Heart disease, also known as cardiovascular disease, refers to several conditions of the heart and diseases that attack the heart and circulatory system, including coronary artery disease, heart attack, heart failure, heart valve problems and arrhythmias. Reduced blood flow to the heart caused by thickened and hardened arteries as well as fatty plaque buildup in the arteries causes heart disease. This buildup narrows the arteries making it more difficult for the heart to pump blood. Subsequent blood clots can cause heart attack, and clogged or burst blood vessels can cause stroke.

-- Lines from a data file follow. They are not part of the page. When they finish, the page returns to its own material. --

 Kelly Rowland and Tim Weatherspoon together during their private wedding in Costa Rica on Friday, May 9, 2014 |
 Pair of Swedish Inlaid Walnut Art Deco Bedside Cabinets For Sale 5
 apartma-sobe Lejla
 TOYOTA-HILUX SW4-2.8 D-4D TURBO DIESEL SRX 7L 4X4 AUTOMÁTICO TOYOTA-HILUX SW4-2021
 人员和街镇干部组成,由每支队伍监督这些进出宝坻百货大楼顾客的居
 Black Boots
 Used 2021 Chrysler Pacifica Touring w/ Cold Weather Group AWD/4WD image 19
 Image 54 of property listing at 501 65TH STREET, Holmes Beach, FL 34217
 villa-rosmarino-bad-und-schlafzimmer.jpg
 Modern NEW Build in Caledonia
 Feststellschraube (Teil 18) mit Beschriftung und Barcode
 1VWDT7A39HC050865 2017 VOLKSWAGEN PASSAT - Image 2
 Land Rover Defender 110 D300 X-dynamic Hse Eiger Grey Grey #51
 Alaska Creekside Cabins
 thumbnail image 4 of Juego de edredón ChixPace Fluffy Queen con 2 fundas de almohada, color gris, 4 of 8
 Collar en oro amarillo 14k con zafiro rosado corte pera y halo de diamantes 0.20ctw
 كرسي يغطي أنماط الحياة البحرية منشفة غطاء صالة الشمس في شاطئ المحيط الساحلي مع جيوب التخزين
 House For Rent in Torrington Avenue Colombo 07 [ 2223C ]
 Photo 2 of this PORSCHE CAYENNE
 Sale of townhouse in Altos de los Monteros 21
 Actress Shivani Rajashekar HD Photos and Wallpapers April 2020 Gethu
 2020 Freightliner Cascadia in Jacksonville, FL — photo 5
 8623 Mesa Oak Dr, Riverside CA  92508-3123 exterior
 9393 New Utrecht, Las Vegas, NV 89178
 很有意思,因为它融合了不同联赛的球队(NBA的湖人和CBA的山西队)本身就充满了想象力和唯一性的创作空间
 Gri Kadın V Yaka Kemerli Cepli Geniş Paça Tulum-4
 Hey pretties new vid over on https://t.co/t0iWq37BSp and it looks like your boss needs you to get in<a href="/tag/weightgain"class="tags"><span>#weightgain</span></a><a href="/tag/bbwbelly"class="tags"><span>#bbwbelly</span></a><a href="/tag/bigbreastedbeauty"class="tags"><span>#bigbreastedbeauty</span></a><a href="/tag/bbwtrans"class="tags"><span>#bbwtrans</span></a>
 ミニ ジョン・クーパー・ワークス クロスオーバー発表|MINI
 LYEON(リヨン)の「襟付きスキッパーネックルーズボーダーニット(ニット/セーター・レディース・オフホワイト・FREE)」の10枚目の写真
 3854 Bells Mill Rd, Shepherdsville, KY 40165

According to the Centers for Disease Control and Prevention, heart disease is the leading cause of death in men and women in the United States. One in every four deaths is caused by heart disease. In women, heart disease kills one in every three and kills more women than all cancers combined. According to the American Heart Association, heart disease is more fatal to women than breast cancer, and nearly two-thirds of women who die of coronary heart disease have no previous symptoms.
High blood pressure, high LDL cholesterol and smoking are key risk factors for heart disease. Other risk factors include poor diet, inactivity, obesity, and diabetes.
In the United States, February is recognized as American Heart Month. On the first Friday of February each year, men and women wear red to show their support for heart disease research on National Wear Red Day. The American Heart Association’s Go Red for Women campaign encourages increased education about and prevention of heart disease in women across the country.